At Southwest
High School on the evening of 23 February 2017, the administration at the Minneapolis
Public Schools is sponsoring a community discussion on the issue of equity, to
be held from 6:00 until 8:30 PM.
The theme of
this forum is therefore synchronous with the purposes of this blog, which is in
essence a 390-article discussion of the achievement of academic equity for all
of our precious young people.
……………………………………………………………………..
Pertinent to
the mission of the locally centralized school district, there is an identity
between the impartation of an excellent education and the achievement of equity
in the Minneapolis Public Schools.
Be reminded
that the purpose of K-12 education is to give students the opportunity to go
forth at graduation to experience lives of cultural enrichment, civic
preparation, and professional satisfaction.
Know that an
excellent education is defined as follows:
An excellent K-12 education is a
matter of excellent teachers imparting a knowledge-intensive curriculum in the
liberal, technological, and vocational arts to all students in grade by grade
sequence throughout the K-12 years.
And
understand that the definition of an excellent teacher is the following:
An excellent teacher is a
professional of deep and broad knowledge with the pedagogical skill to impart
that knowledge to students of all demographic descriptors.

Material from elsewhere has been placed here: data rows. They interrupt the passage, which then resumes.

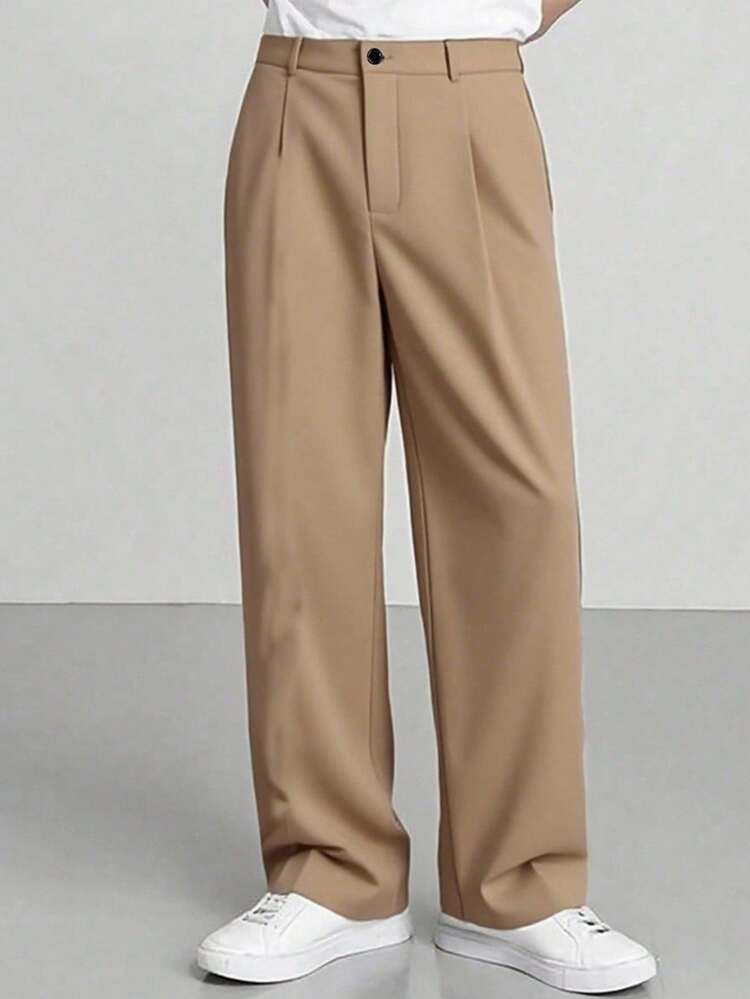 Calvornis Calça de Terno Casual Masculina de Perna Reta e Cor Sólida - Caqui - Visão 1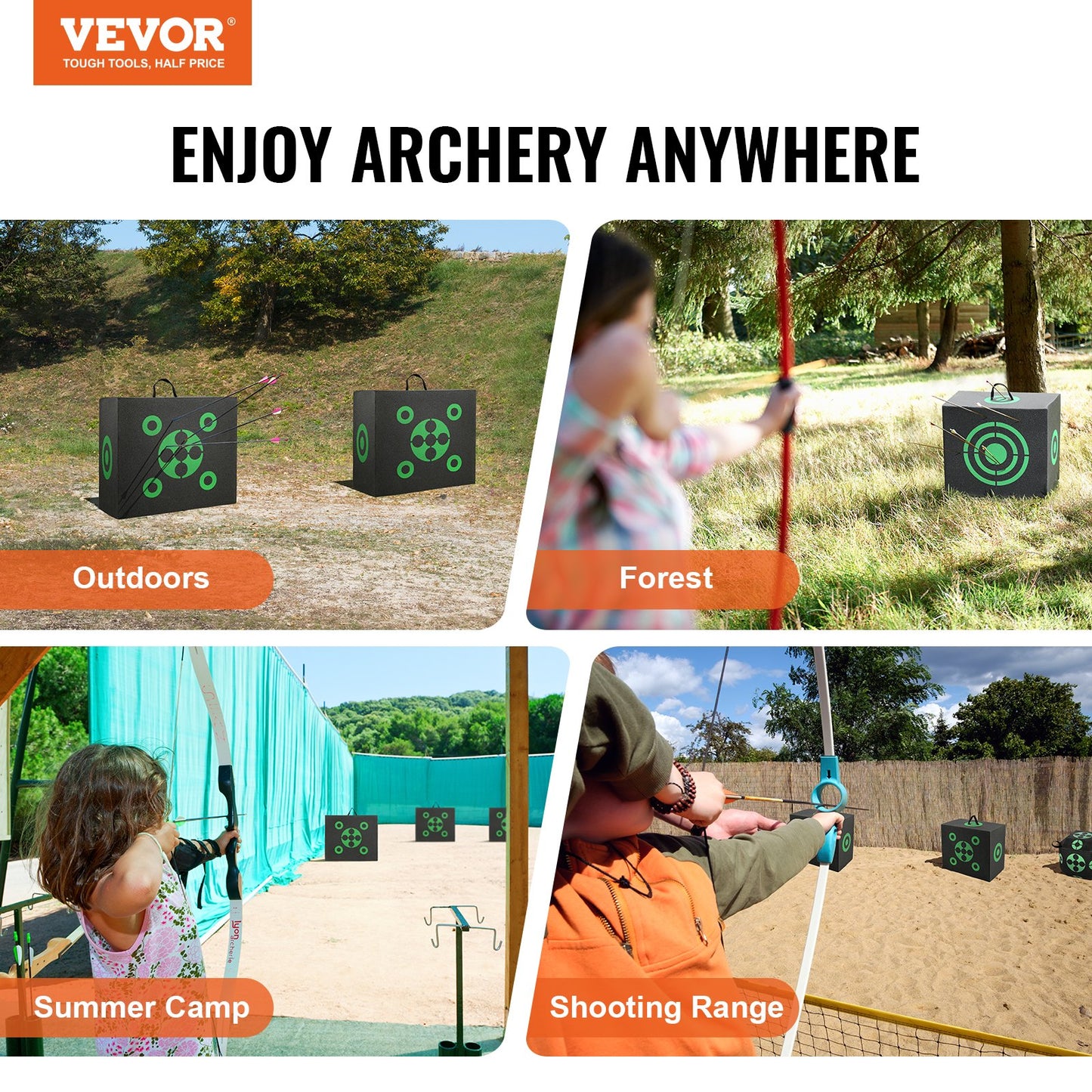 Archery Target, 16"x18" All-side Shotting Archery Arrow Target, Outdoor Portable Archery Target with Carry Handle, Easy Arrow Removal, Great Visibility, Lightweight, Easy to Transport, Black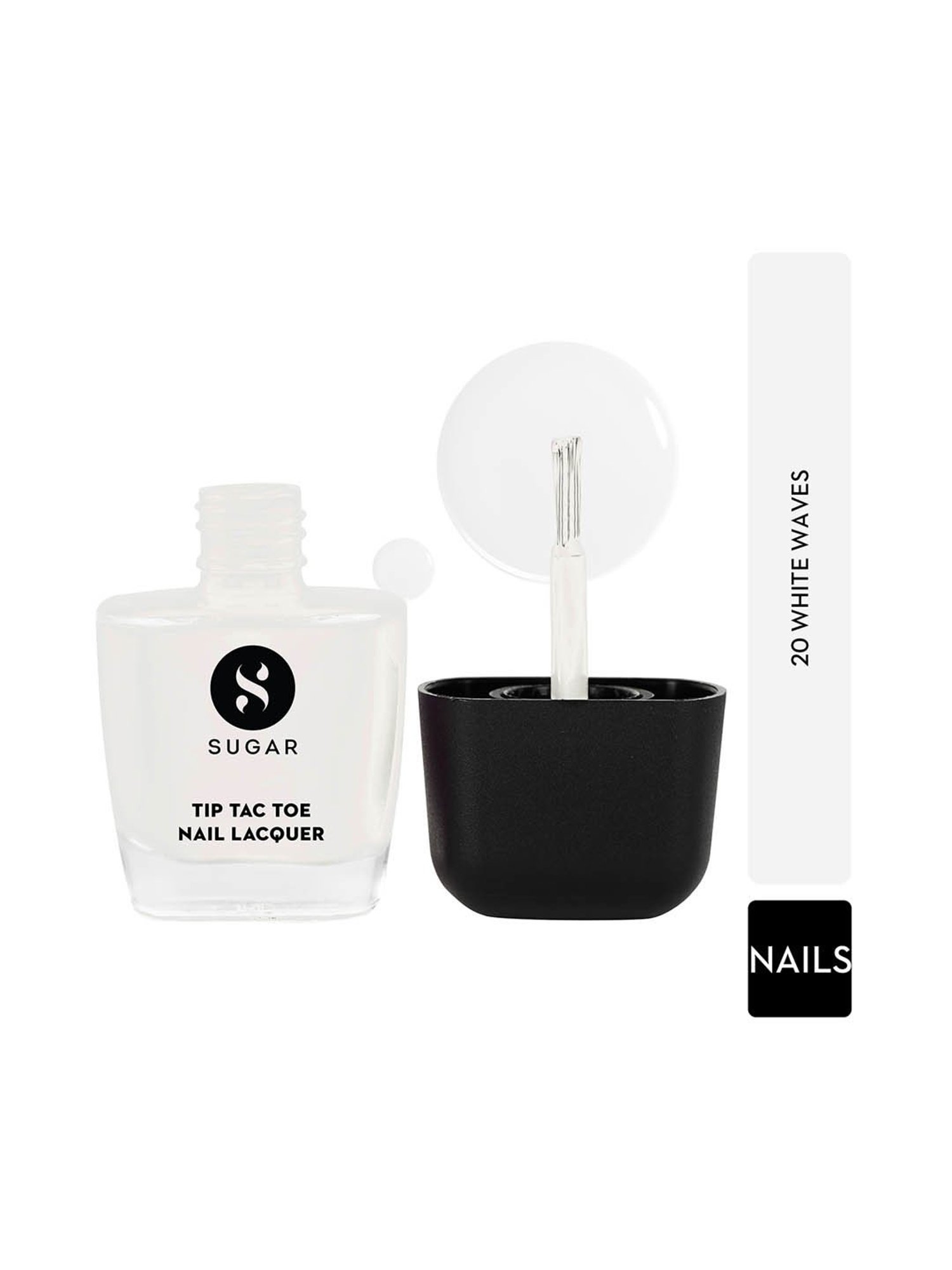 SUGAR Cosmetics Tip Tac Toe Nail Lacquer Classic 20 White Waves - 9 ml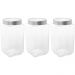Kit 3 Potes de Vidro 1,7L Tampa Metal Lyor Gastro Prata Port
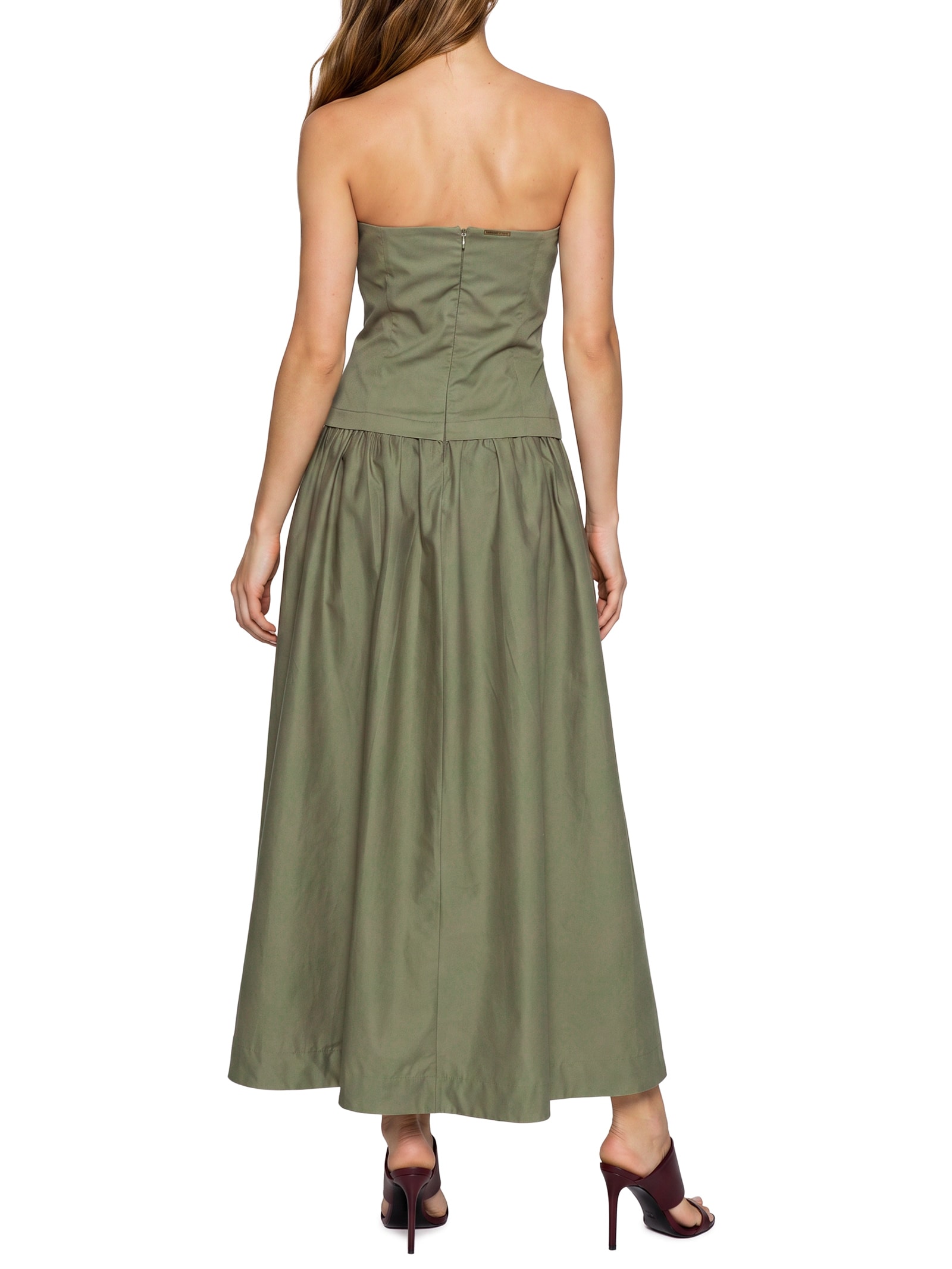 Vestido Super Midi Sem Mangas Verde Lança Perfume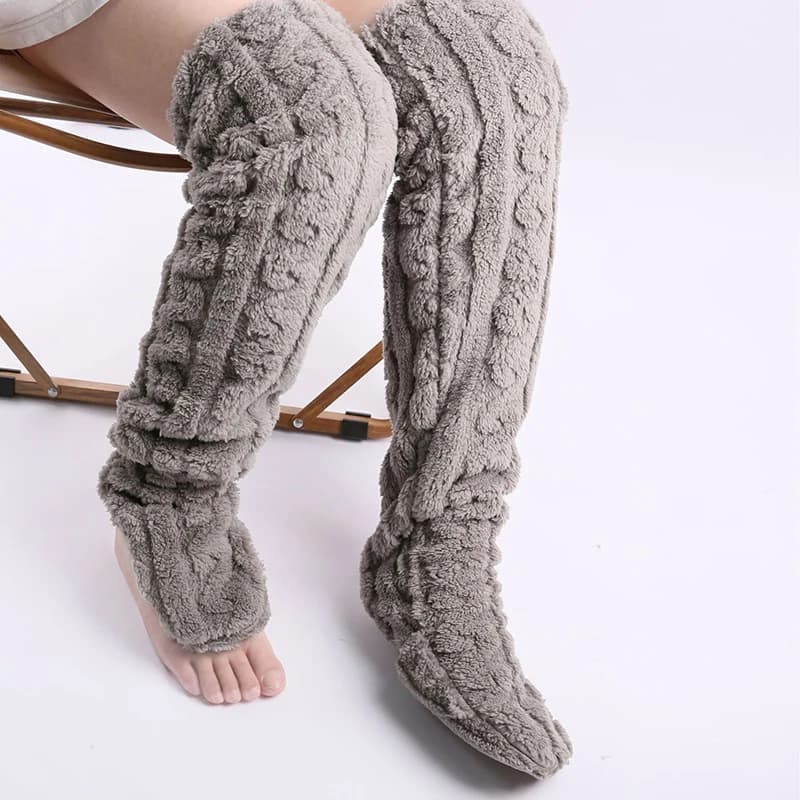 Thickened Velvet Twist Leg Warm Knee Socks High Boots Floor Shoes For Ladies Indoor Slippers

……………………………………………………………………..
Equality is
a matter of providing the same opportunity to every person.
Equity is a
matter of ensuring that everyone is positioned to take advantage of equal opportunities.
Hence, in
K-12 education, equality is necessary but not sufficient to attain equity. Equity encompasses equality and ensures that
students of all demographic descriptors have the support that they need to
receive an excellent education and to graduate with the opportunity to fulfill
the great purposes of educational excellence.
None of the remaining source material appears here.